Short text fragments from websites

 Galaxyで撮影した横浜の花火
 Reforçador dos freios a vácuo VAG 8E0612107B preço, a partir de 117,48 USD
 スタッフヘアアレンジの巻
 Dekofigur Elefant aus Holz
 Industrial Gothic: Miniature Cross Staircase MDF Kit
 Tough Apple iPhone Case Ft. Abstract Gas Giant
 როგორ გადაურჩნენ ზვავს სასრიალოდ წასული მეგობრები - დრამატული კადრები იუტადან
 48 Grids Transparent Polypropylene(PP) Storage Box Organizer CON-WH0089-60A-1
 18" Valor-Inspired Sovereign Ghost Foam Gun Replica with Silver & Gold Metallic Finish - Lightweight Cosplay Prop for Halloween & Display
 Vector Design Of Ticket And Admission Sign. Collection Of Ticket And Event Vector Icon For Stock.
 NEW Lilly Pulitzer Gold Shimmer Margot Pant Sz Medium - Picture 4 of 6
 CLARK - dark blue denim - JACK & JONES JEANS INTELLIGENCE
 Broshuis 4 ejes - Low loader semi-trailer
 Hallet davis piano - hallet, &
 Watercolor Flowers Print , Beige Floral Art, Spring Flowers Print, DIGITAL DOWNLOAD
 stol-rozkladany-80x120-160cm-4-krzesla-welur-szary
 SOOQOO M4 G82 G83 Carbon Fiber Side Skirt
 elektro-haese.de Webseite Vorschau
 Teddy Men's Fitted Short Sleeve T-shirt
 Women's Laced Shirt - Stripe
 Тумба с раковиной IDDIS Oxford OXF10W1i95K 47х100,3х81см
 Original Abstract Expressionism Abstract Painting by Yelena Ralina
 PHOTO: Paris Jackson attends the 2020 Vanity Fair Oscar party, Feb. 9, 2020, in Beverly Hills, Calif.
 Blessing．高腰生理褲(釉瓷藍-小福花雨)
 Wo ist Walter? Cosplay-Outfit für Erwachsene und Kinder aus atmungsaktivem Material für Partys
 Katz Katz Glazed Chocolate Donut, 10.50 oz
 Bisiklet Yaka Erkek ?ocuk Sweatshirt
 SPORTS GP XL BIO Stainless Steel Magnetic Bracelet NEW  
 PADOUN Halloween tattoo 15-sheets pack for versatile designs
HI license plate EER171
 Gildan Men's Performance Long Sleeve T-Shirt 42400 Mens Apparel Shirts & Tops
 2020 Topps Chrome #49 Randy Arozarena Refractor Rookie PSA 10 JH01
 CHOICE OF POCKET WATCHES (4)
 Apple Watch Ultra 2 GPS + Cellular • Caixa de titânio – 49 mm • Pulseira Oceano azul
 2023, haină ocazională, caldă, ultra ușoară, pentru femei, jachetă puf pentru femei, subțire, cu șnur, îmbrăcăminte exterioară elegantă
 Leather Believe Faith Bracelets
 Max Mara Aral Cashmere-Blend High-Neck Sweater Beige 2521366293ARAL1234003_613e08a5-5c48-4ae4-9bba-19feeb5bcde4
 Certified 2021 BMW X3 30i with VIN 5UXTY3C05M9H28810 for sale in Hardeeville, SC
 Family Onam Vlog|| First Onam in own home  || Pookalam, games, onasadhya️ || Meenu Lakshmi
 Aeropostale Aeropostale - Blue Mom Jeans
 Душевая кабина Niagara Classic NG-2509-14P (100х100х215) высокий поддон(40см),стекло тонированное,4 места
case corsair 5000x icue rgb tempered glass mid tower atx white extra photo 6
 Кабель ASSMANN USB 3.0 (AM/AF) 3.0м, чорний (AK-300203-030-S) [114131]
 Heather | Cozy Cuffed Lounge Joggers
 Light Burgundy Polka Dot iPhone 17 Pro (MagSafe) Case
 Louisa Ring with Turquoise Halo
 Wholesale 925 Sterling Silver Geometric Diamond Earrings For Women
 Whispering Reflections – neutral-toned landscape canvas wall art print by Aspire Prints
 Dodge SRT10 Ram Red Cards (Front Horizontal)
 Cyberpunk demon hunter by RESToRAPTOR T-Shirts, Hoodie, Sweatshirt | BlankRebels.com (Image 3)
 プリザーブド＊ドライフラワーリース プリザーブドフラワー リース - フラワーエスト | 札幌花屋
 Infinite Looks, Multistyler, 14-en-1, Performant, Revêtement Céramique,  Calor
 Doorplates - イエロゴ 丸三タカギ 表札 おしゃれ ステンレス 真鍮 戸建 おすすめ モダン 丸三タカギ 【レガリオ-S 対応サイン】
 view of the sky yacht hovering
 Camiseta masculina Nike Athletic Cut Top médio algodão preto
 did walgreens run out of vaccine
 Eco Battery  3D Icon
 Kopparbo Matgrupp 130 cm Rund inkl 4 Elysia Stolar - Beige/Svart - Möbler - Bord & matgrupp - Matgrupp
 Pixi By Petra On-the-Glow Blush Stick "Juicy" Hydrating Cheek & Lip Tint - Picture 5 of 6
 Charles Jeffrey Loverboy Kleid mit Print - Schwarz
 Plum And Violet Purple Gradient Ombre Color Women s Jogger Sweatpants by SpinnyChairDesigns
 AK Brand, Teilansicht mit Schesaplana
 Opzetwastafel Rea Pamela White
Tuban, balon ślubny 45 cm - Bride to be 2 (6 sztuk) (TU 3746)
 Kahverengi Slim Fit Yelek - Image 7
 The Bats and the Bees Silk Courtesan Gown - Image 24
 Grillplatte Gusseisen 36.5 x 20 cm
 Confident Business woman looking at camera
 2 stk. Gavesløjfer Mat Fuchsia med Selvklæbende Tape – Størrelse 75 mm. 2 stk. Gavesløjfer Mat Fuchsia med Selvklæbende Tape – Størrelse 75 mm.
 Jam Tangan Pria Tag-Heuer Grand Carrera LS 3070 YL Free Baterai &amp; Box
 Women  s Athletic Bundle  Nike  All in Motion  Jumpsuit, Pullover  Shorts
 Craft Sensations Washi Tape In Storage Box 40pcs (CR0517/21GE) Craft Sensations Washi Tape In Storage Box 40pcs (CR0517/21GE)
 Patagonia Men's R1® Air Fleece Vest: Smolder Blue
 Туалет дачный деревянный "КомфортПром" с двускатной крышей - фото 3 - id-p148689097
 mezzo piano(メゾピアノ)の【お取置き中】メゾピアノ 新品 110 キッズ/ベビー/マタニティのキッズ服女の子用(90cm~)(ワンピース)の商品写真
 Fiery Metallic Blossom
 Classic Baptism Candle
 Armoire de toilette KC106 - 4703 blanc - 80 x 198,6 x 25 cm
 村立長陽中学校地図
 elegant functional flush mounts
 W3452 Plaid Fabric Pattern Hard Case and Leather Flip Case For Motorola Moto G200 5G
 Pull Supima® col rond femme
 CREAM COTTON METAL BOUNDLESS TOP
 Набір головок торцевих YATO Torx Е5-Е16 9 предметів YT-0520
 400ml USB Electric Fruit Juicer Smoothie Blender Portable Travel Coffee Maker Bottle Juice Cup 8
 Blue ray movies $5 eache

◆ Directions
In the data above, retype exactly and only the lines between the one holding "Душевая кабина Niagara" and the one holding "Infinite Looks, Multistyler, 14-en-1, Performant, Revêtement", inclusive.

◆ Your solution
 Душевая кабина Niagara Classic NG-2509-14P (100х100х215) высокий поддон(40см),стекло тонированное,4 места
case corsair 5000x icue rgb tempered glass mid tower atx white extra photo 6
 Кабель ASSMANN USB 3.0 (AM/AF) 3.0м, чорний (AK-300203-030-S) [114131]
 Heather | Cozy Cuffed Lounge Joggers
 Light Burgundy Polka Dot iPhone 17 Pro (MagSafe) Case
 Louisa Ring with Turquoise Halo
 Wholesale 925 Sterling Silver Geometric Diamond Earrings For Women
 Whispering Reflections – neutral-toned landscape canvas wall art print by Aspire Prints
 Dodge SRT10 Ram Red Cards (Front Horizontal)
 Cyberpunk demon hunter by RESToRAPTOR T-Shirts, Hoodie, Sweatshirt | BlankRebels.com (Image 3)
 プリザーブド＊ドライフラワーリース プリザーブドフラワー リース - フラワーエスト | 札幌花屋
 Infinite Looks, Multistyler, 14-en-1, Performant, Revêtement Céramique,  Calor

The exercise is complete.